[[ Data under study open ]]

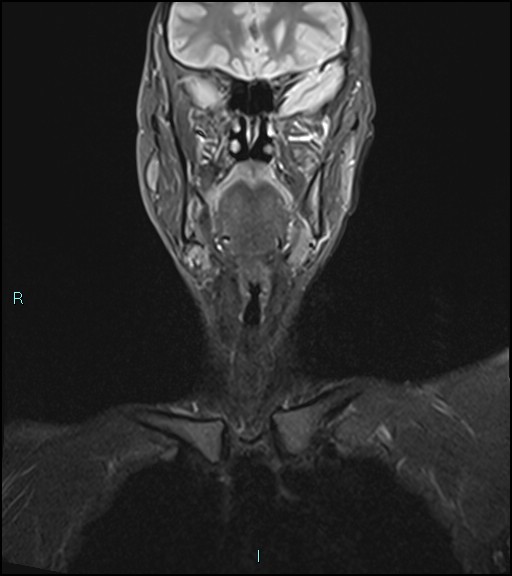 File:Cervical thymic cyst (Radiopaedia 88632-105336 Coronal STIR 17).jpg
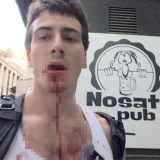 U Ćacilendu pretučen jutjuber: Nevenclips objašnjava za Danas šta se desilo u Pionirskom parku (VIDEO) 5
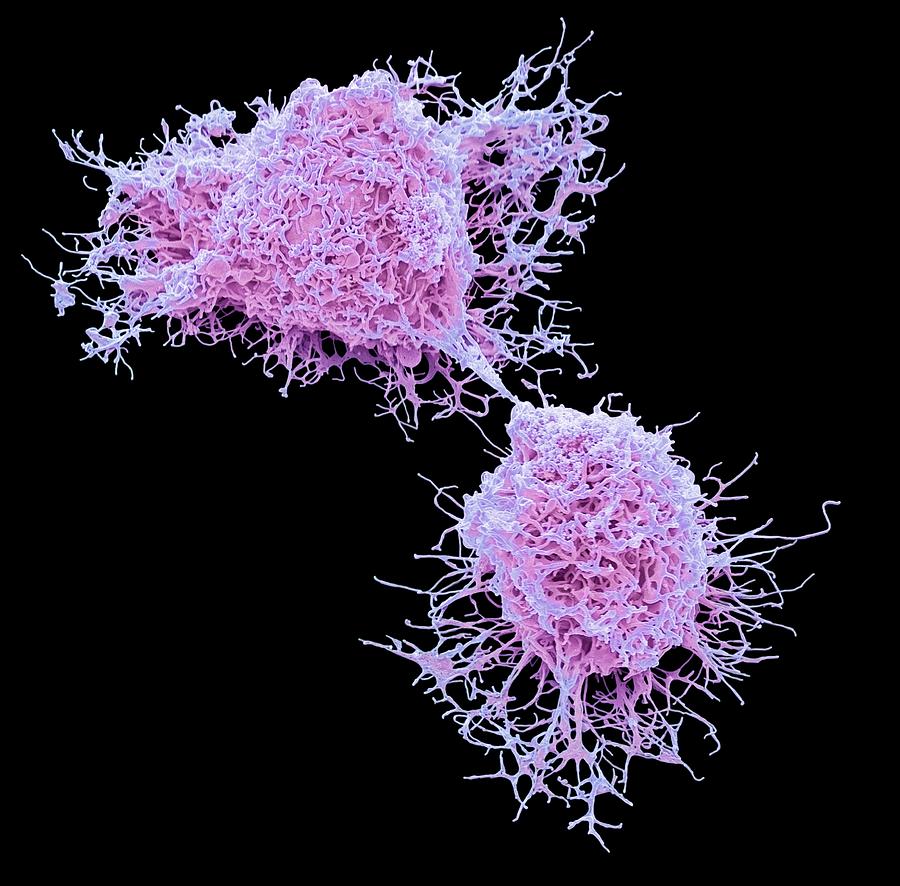 Mesenchymal Stem Cells #2 Photograph by Steve Gschmeissner
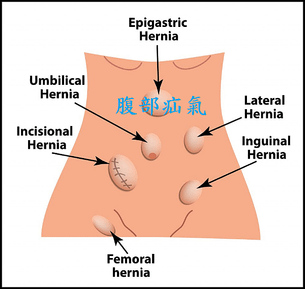 未命名.png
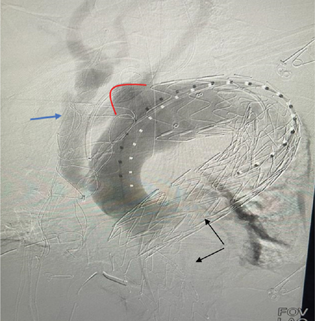 Contrast-enhanced fluoroscopy image of the aorta demonstrating the bulge in the arch of the aorta-pseudoaneurysm (red outline and the filling up of the debranched aortic arch vessels [blue arrow]).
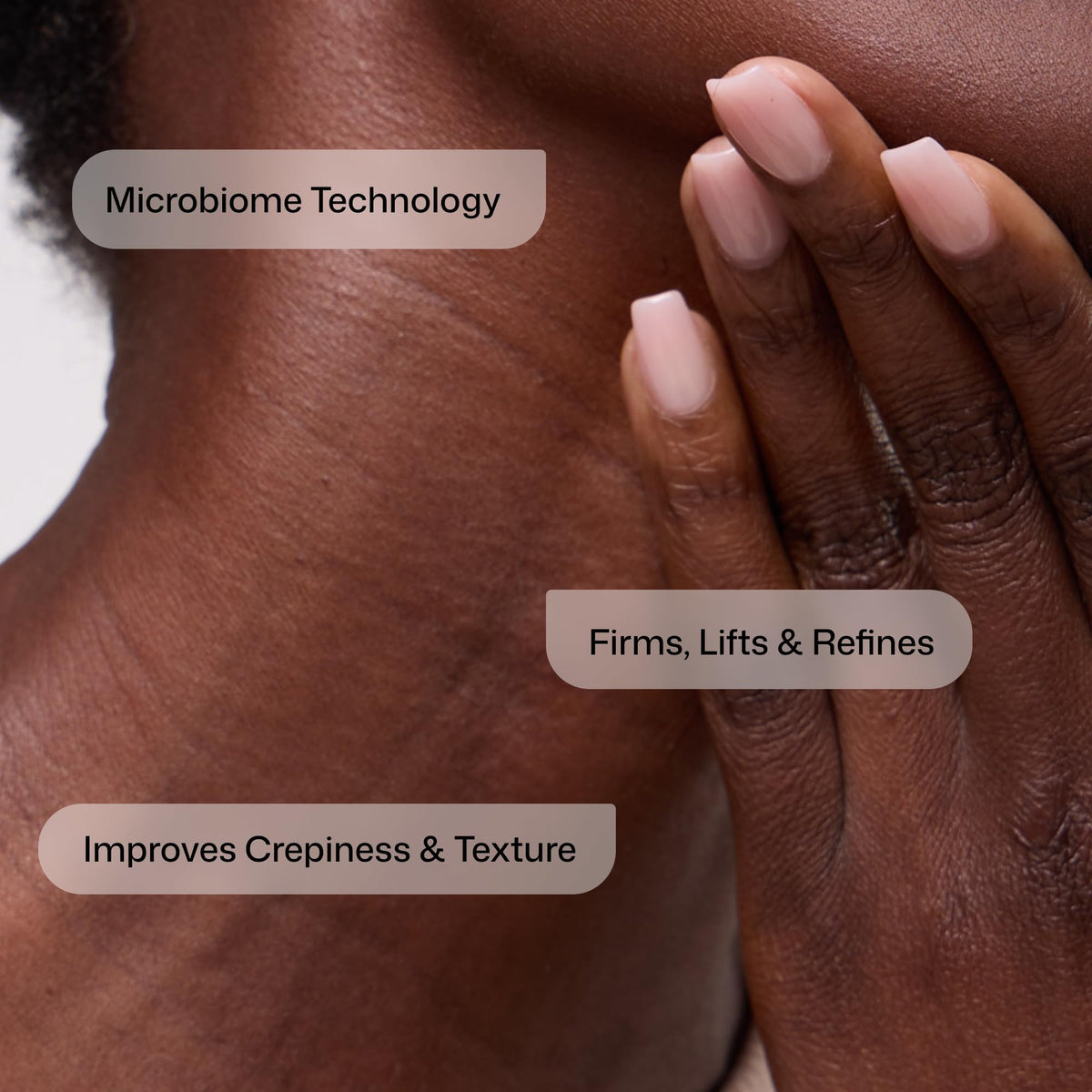 Revision Skincare Nectifirm Advanced before and after comparison showing improved contour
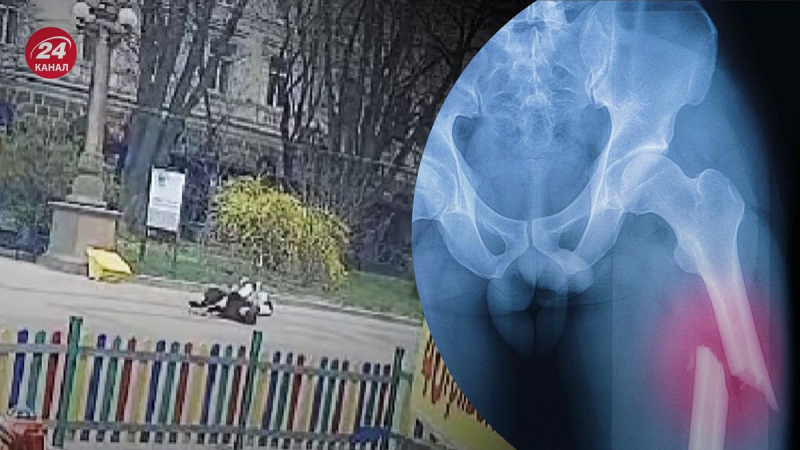 In Ternopil hat ein Junge in einem Spielzeugauto eine ältere Frau angefahren: Sie hat eine schwere Verletzung 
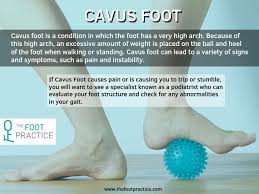 Pin On Gait Analysis Singapore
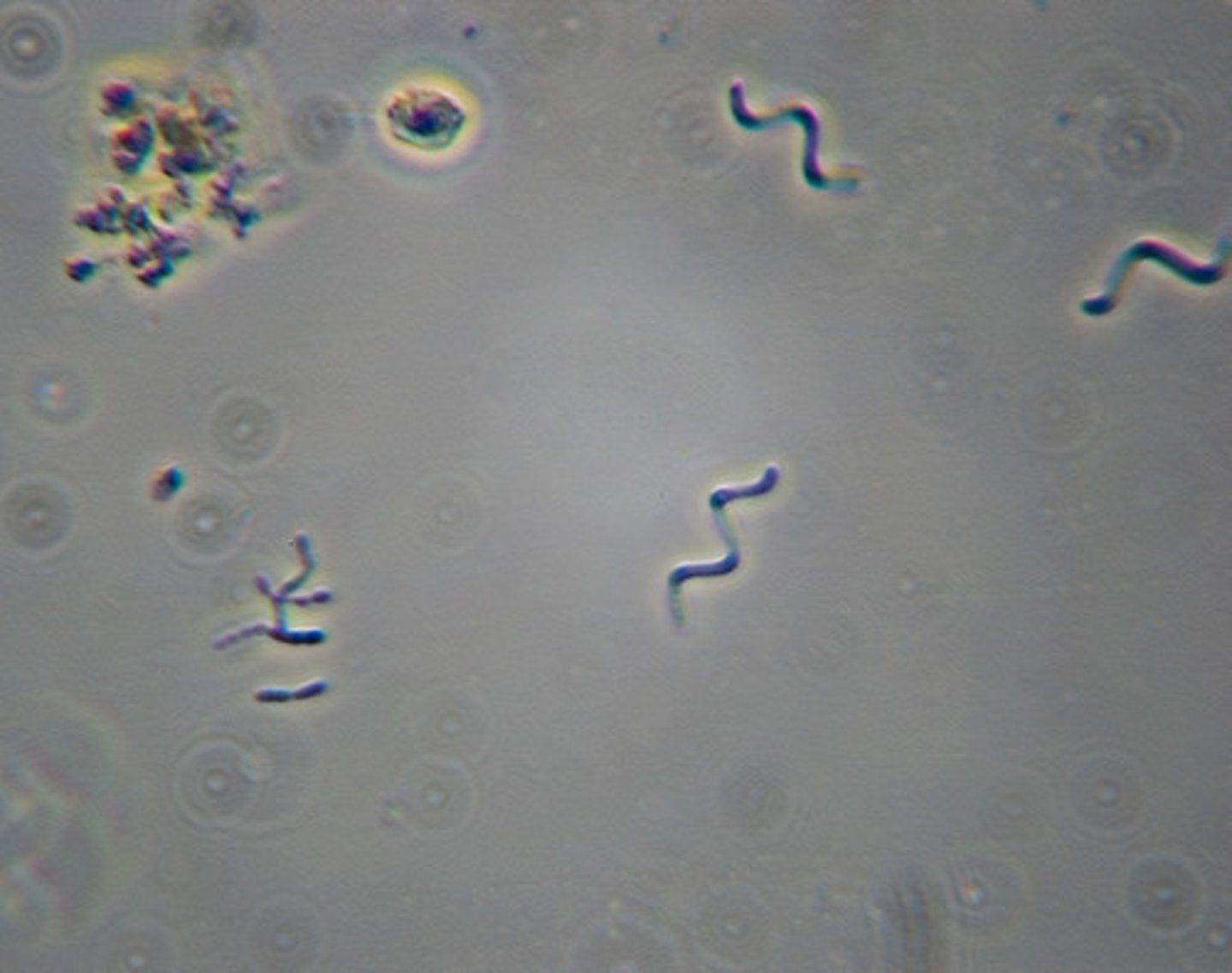<p>spirilla present as individual cells.</p>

[[ Data under study closed ]]

• **What you have to do**: Retype only the lines above from the one with "In Ternopil hat" through the last, both ends included, keeping every picture out of the copy.

• **Answer section**:
 In Ternopil hat ein Junge in einem Spielzeugauto eine ältere Frau angefahren: Sie hat eine schwere Verletzung 
 Pin On Gait Analysis Singapore
<p>spirilla present as individual cells.</p>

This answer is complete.